* Available data *
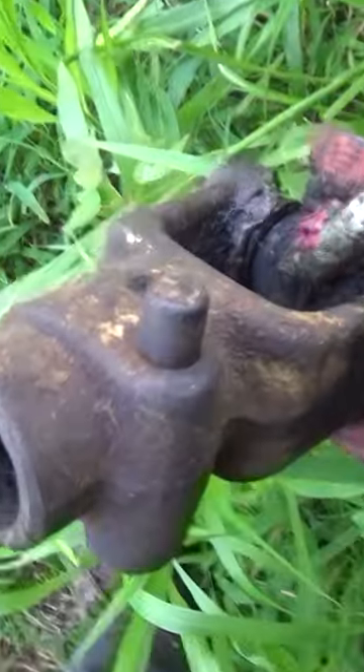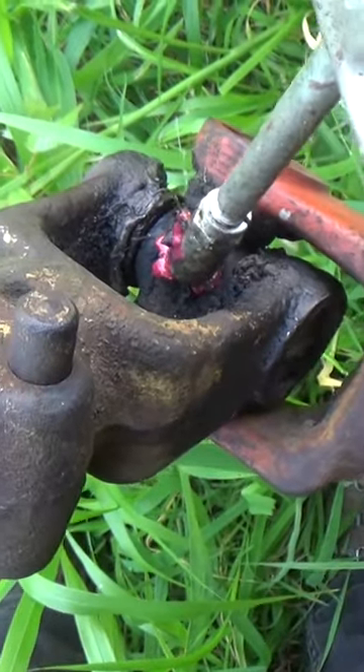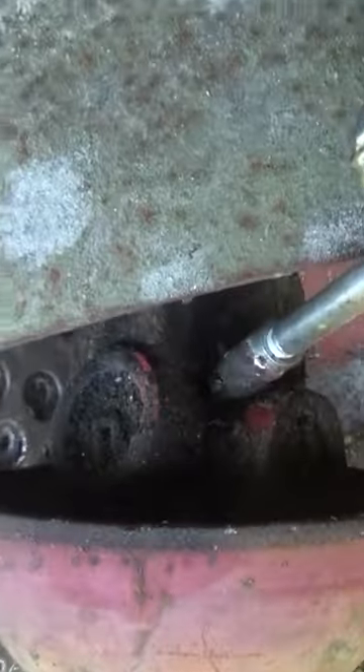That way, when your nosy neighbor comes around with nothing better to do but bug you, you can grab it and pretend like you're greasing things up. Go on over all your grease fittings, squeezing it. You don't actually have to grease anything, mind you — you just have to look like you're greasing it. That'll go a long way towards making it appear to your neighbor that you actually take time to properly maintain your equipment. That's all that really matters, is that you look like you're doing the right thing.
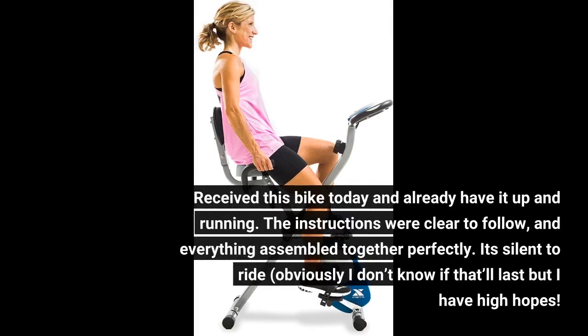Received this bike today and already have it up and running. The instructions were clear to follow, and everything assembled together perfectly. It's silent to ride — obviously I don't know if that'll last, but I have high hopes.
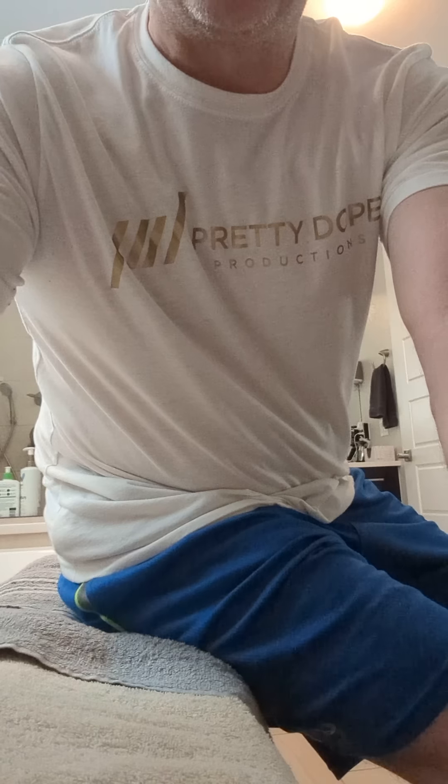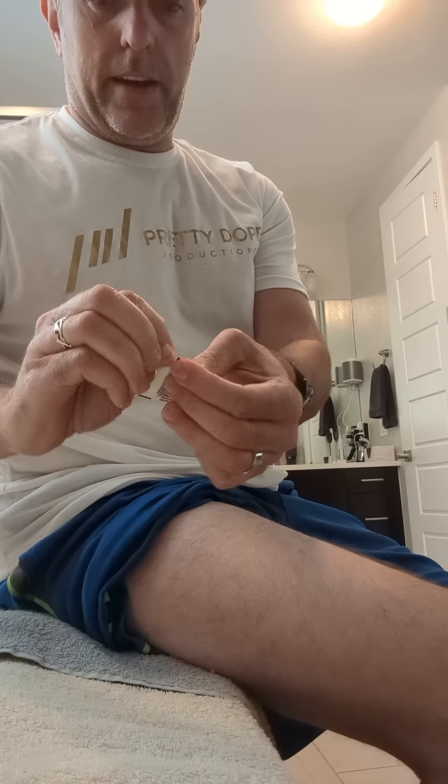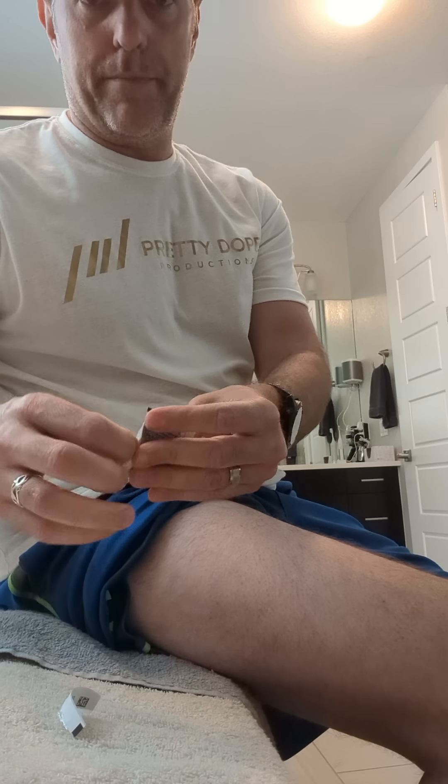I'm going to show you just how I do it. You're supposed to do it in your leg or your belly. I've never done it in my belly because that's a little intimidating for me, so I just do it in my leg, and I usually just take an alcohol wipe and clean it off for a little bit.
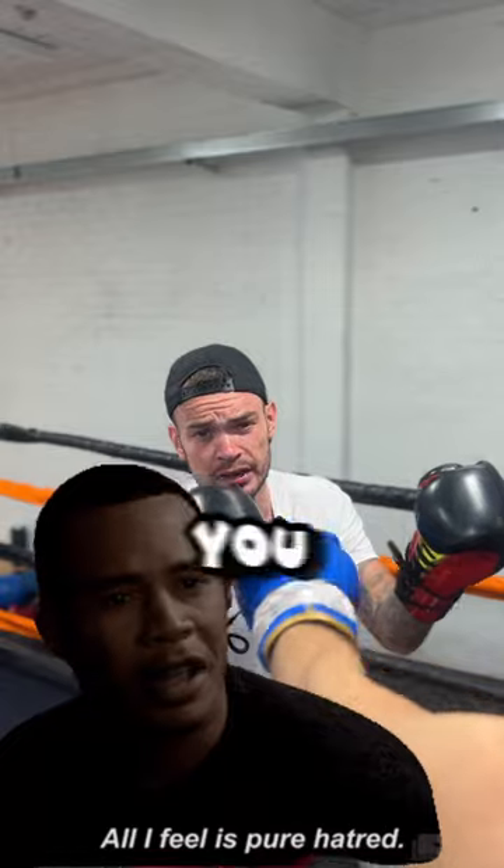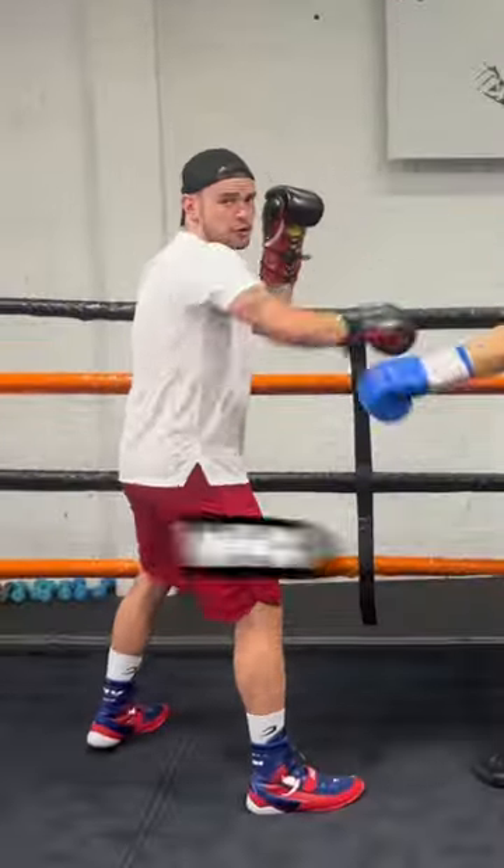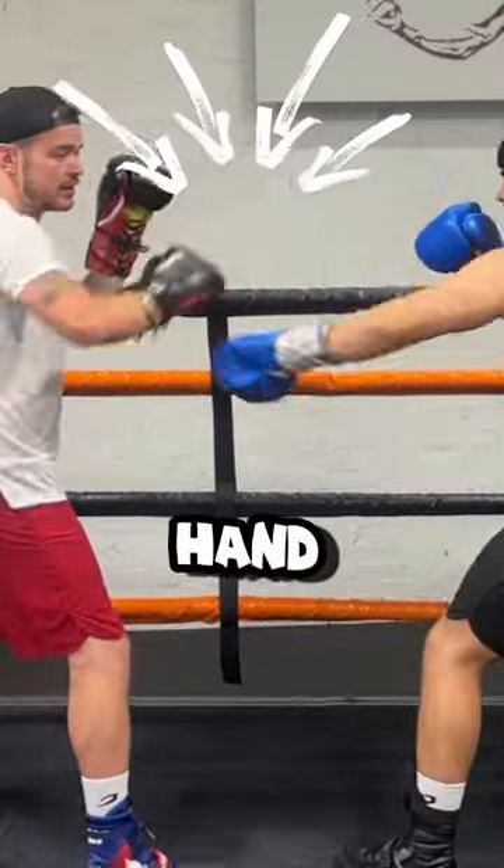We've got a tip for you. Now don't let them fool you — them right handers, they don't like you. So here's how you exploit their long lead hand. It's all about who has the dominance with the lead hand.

* Work required *
Copy nothing but the lines from the top of the data down to the line containing "Received this bike", and leave the pictures out.

* Solution to the exercise *
That way, when your nosy neighbor comes around with nothing better to do but bug you, you can grab it and pretend like you're greasing things up. Go on over all your grease fittings, squeezing it. You don't actually have to grease anything, mind you — you just have to look like you're greasing it. That'll go a long way towards making it appear to your neighbor that you actually take time to properly maintain your equipment. That's all that really matters, is that you look like you're doing the right thing.
Received this bike today and already have it up and running. The instructions were clear to follow, and everything assembled together perfectly. It's silent to ride — obviously I don't know if that'll last, but I have high hopes.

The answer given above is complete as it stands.